··· DATASET CONTENT ···
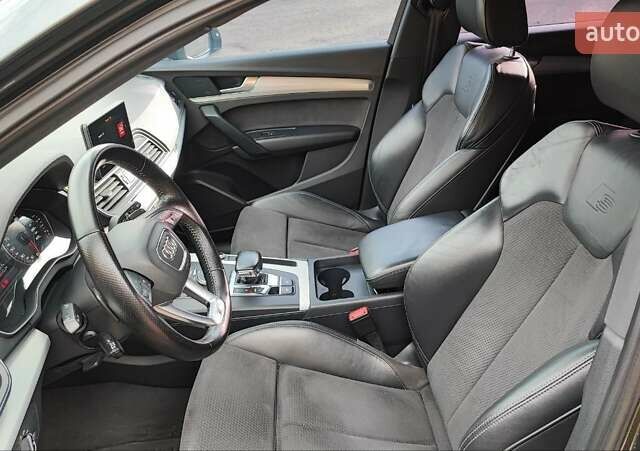 Серый Ауди Ку 5, объемом двигателя 1.97 л и пробегом 127 тыс. км за 34500 $, фото 15 на Automoto.ua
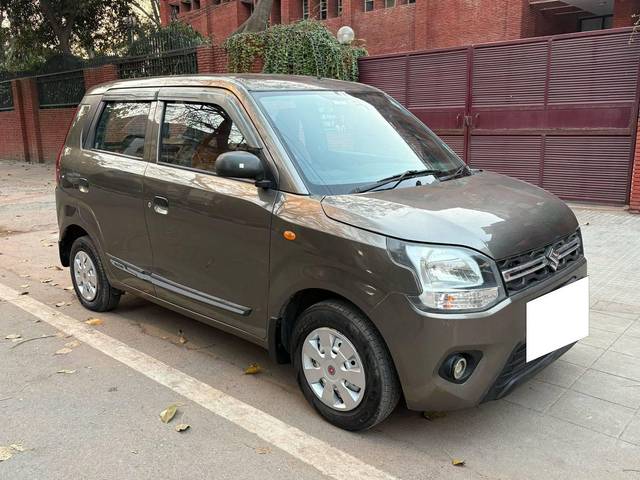 https://images10.gaadi.com/usedcar_image/4373314/original/processed_dc2fe64d1e5fccad11bd58eb72c88647.jpg?imwidth=6400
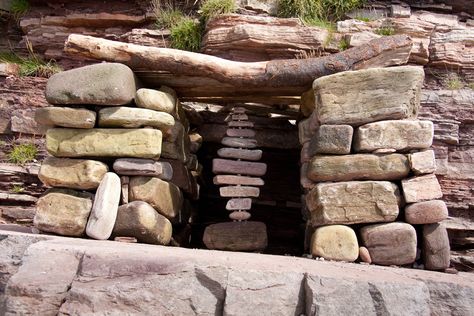 Heysham Rock Balance Shelter in Lancashire, England built by Richard Shilling and David Howarth - photo by Richard Shilling (escher is still alive), via Flickr Richard Shilling, Rock Balance, Tipping Point, Cold Pasta, Were Expecting, Geology Rocks, Stone Garden, Rock Garden Landscaping, Mind Up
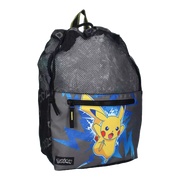 Pokémon Pikachu Sportbeutel in Blau/Schwarz – ca. 40 cm – Vorderansicht des Beutels mit stilvollem Pikachu-Design, geeignet für TCG-Ausrüstung oder Sportutensilien – Robustes Material mit Kordelzugverschluss und Reißverschluss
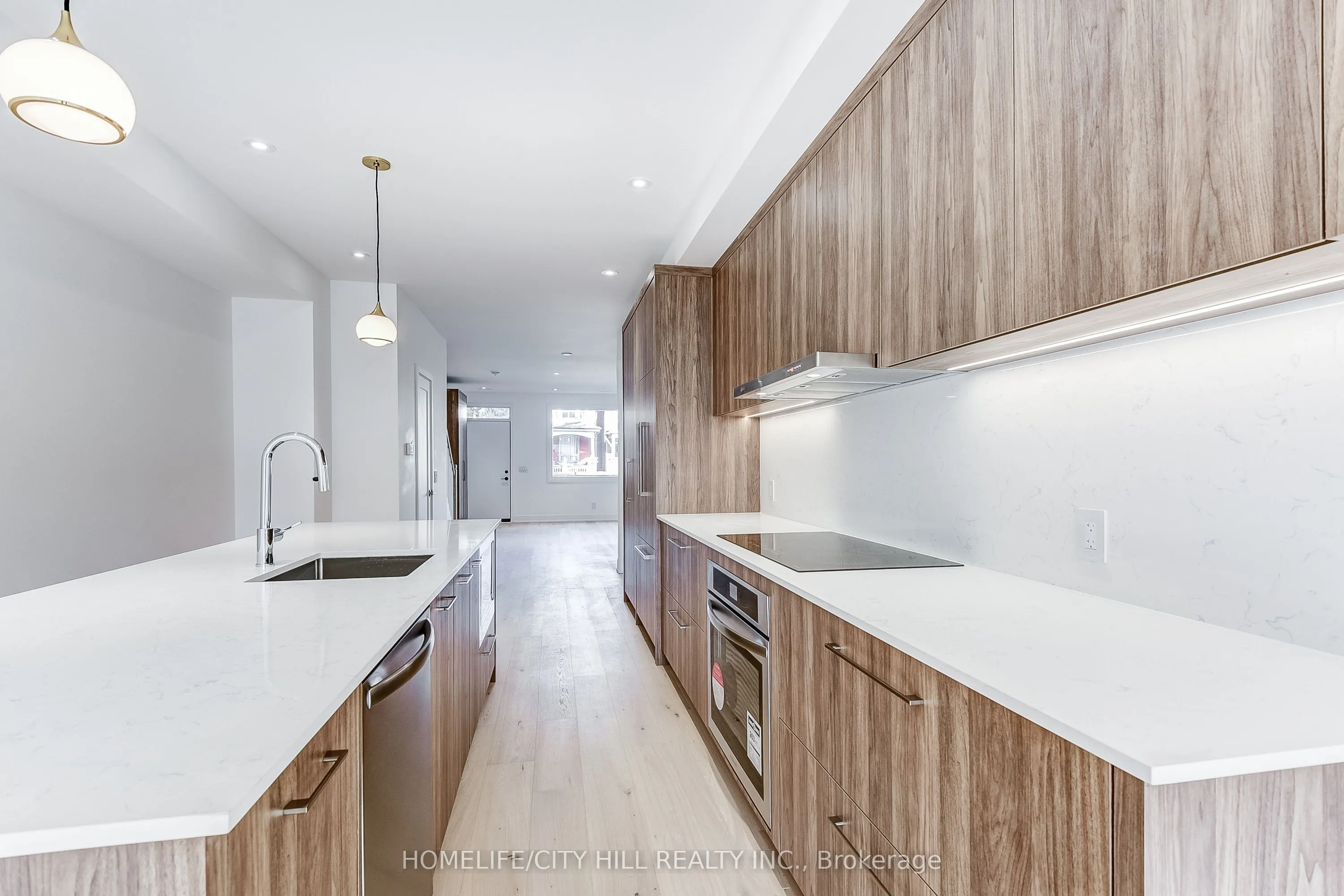 73 Melville Avenue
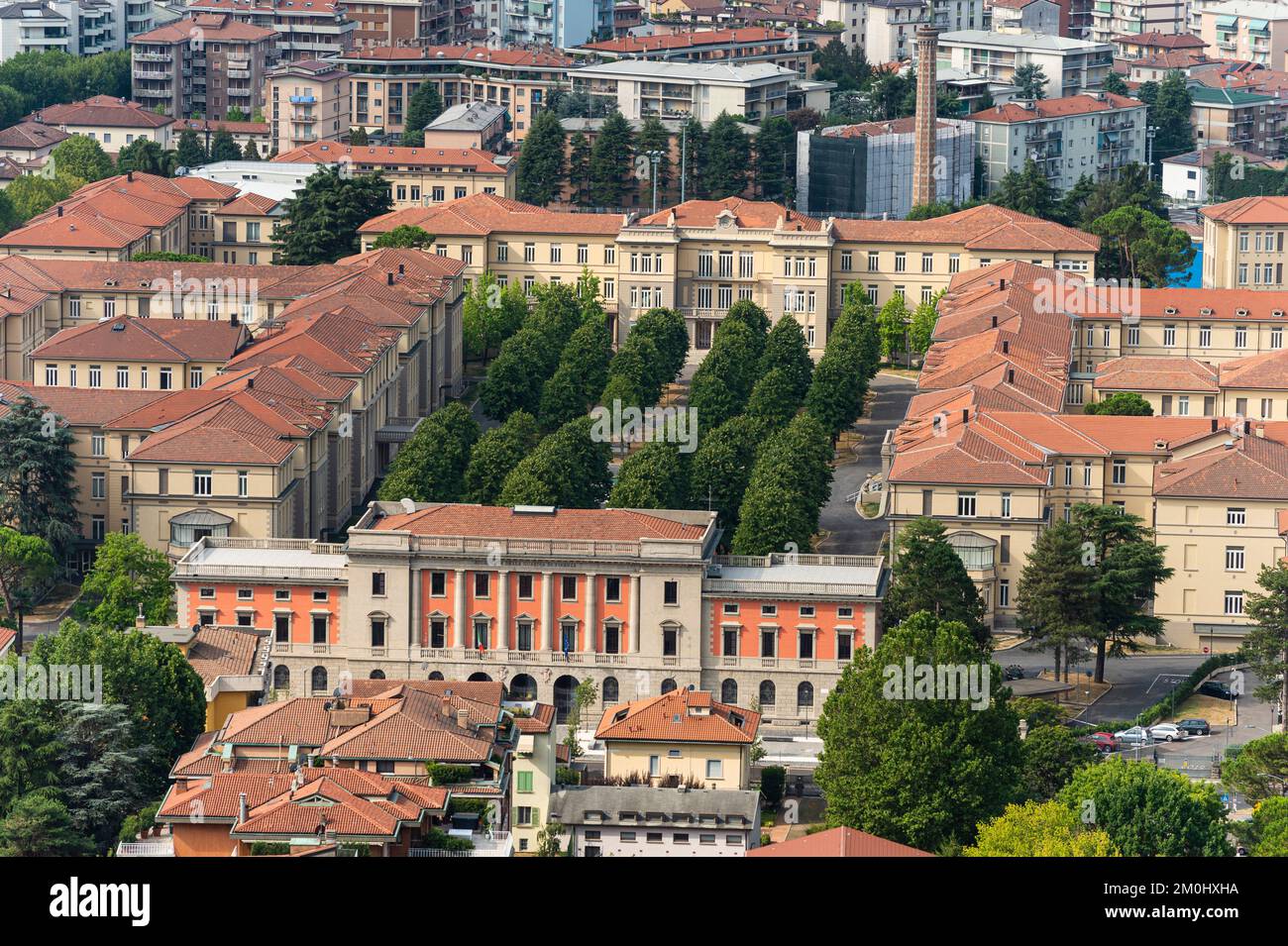 vista sulla città e palazzo della polizia finanziaria, bergamo, italia Foto Stock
···
TASK STATEMENT: A word-for-word copy of the records is needed, one that contains no pictures.

SOLUTION TO THE EXERCISE:
 Серый Ауди Ку 5, объемом двигателя 1.97 л и пробегом 127 тыс. км за 34500 $, фото 15 на Automoto.ua
 https://images10.gaadi.com/usedcar_image/4373314/original/processed_dc2fe64d1e5fccad11bd58eb72c88647.jpg?imwidth=6400
 Heysham Rock Balance Shelter in Lancashire, England built by Richard Shilling and David Howarth - photo by Richard Shilling (escher is still alive), via Flickr Richard Shilling, Rock Balance, Tipping Point, Cold Pasta, Were Expecting, Geology Rocks, Stone Garden, Rock Garden Landscaping, Mind Up
 Pokémon Pikachu Sportbeutel in Blau/Schwarz – ca. 40 cm – Vorderansicht des Beutels mit stilvollem Pikachu-Design, geeignet für TCG-Ausrüstung oder Sportutensilien – Robustes Material mit Kordelzugverschluss und Reißverschluss
 73 Melville Avenue
 vista sulla città e palazzo della polizia finanziaria, bergamo, italia Foto Stock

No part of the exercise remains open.